[Opening Data shown section]
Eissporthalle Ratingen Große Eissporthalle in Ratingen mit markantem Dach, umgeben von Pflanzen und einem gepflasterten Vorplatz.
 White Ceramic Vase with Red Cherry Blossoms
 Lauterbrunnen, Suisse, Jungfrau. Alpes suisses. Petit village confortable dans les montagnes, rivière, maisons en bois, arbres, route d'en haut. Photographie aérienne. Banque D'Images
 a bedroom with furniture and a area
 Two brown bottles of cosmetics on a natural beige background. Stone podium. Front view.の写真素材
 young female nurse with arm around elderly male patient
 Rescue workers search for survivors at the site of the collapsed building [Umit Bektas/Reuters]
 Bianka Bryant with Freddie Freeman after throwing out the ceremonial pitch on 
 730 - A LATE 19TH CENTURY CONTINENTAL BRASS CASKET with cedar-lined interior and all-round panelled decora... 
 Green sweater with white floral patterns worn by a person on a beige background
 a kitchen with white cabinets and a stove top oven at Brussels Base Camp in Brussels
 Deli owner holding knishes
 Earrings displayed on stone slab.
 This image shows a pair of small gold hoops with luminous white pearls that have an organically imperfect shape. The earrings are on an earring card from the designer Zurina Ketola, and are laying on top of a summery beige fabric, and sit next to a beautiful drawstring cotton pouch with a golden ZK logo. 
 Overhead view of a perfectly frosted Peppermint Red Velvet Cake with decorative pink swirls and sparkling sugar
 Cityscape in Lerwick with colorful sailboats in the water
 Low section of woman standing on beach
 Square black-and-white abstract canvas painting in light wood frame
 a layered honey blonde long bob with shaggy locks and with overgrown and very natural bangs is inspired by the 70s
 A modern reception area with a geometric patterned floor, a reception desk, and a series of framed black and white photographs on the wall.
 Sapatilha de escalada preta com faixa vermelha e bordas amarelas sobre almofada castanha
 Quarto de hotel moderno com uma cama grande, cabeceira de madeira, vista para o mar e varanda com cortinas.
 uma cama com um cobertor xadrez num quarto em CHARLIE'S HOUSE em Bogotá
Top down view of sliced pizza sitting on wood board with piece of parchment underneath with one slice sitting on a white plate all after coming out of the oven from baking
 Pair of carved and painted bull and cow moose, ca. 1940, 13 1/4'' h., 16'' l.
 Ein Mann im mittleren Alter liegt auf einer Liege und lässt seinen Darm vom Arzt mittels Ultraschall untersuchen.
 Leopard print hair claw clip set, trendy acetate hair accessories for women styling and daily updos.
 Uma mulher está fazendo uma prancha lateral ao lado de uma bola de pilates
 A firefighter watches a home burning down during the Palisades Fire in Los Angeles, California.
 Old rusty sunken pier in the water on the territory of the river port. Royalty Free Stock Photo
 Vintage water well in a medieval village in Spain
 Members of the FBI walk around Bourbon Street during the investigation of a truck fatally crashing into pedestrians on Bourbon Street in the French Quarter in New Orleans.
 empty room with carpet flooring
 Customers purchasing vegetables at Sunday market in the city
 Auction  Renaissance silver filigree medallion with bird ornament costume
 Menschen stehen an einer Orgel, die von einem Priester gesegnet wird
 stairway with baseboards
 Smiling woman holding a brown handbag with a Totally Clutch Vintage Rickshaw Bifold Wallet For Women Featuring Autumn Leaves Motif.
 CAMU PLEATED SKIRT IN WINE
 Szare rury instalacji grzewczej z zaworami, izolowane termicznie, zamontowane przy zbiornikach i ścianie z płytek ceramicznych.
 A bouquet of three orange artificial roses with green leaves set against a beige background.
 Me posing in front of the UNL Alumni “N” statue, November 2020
[Closing Data shown section]
**Task statement**
Send back the complete set of entries, exactly as shown above.

**Task output**
Eissporthalle Ratingen Große Eissporthalle in Ratingen mit markantem Dach, umgeben von Pflanzen und einem gepflasterten Vorplatz.
 White Ceramic Vase with Red Cherry Blossoms
 Lauterbrunnen, Suisse, Jungfrau. Alpes suisses. Petit village confortable dans les montagnes, rivière, maisons en bois, arbres, route d'en haut. Photographie aérienne. Banque D'Images
 a bedroom with furniture and a area
 Two brown bottles of cosmetics on a natural beige background. Stone podium. Front view.の写真素材
 young female nurse with arm around elderly male patient
 Rescue workers search for survivors at the site of the collapsed building [Umit Bektas/Reuters]
 Bianka Bryant with Freddie Freeman after throwing out the ceremonial pitch on 
 730 - A LATE 19TH CENTURY CONTINENTAL BRASS CASKET with cedar-lined interior and all-round panelled decora... 
 Green sweater with white floral patterns worn by a person on a beige background
 a kitchen with white cabinets and a stove top oven at Brussels Base Camp in Brussels
 Deli owner holding knishes
 Earrings displayed on stone slab.
 This image shows a pair of small gold hoops with luminous white pearls that have an organically imperfect shape. The earrings are on an earring card from the designer Zurina Ketola, and are laying on top of a summery beige fabric, and sit next to a beautiful drawstring cotton pouch with a golden ZK logo. 
 Overhead view of a perfectly frosted Peppermint Red Velvet Cake with decorative pink swirls and sparkling sugar
 Cityscape in Lerwick with colorful sailboats in the water
 Low section of woman standing on beach
 Square black-and-white abstract canvas painting in light wood frame
 a layered honey blonde long bob with shaggy locks and with overgrown and very natural bangs is inspired by the 70s
 A modern reception area with a geometric patterned floor, a reception desk, and a series of framed black and white photographs on the wall.
 Sapatilha de escalada preta com faixa vermelha e bordas amarelas sobre almofada castanha
 Quarto de hotel moderno com uma cama grande, cabeceira de madeira, vista para o mar e varanda com cortinas.
 uma cama com um cobertor xadrez num quarto em CHARLIE'S HOUSE em Bogotá
Top down view of sliced pizza sitting on wood board with piece of parchment underneath with one slice sitting on a white plate all after coming out of the oven from baking
 Pair of carved and painted bull and cow moose, ca. 1940, 13 1/4'' h., 16'' l.
 Ein Mann im mittleren Alter liegt auf einer Liege und lässt seinen Darm vom Arzt mittels Ultraschall untersuchen.
 Leopard print hair claw clip set, trendy acetate hair accessories for women styling and daily updos.
 Uma mulher está fazendo uma prancha lateral ao lado de uma bola de pilates
 A firefighter watches a home burning down during the Palisades Fire in Los Angeles, California.
 Old rusty sunken pier in the water on the territory of the river port. Royalty Free Stock Photo
 Vintage water well in a medieval village in Spain
 Members of the FBI walk around Bourbon Street during the investigation of a truck fatally crashing into pedestrians on Bourbon Street in the French Quarter in New Orleans.
 empty room with carpet flooring
 Customers purchasing vegetables at Sunday market in the city
 Auction  Renaissance silver filigree medallion with bird ornament costume
 Menschen stehen an einer Orgel, die von einem Priester gesegnet wird
 stairway with baseboards
 Smiling woman holding a brown handbag with a Totally Clutch Vintage Rickshaw Bifold Wallet For Women Featuring Autumn Leaves Motif.
 CAMU PLEATED SKIRT IN WINE
 Szare rury instalacji grzewczej z zaworami, izolowane termicznie, zamontowane przy zbiornikach i ścianie z płytek ceramicznych.
 A bouquet of three orange artificial roses with green leaves set against a beige background.
 Me posing in front of the UNL Alumni “N” statue, November 2020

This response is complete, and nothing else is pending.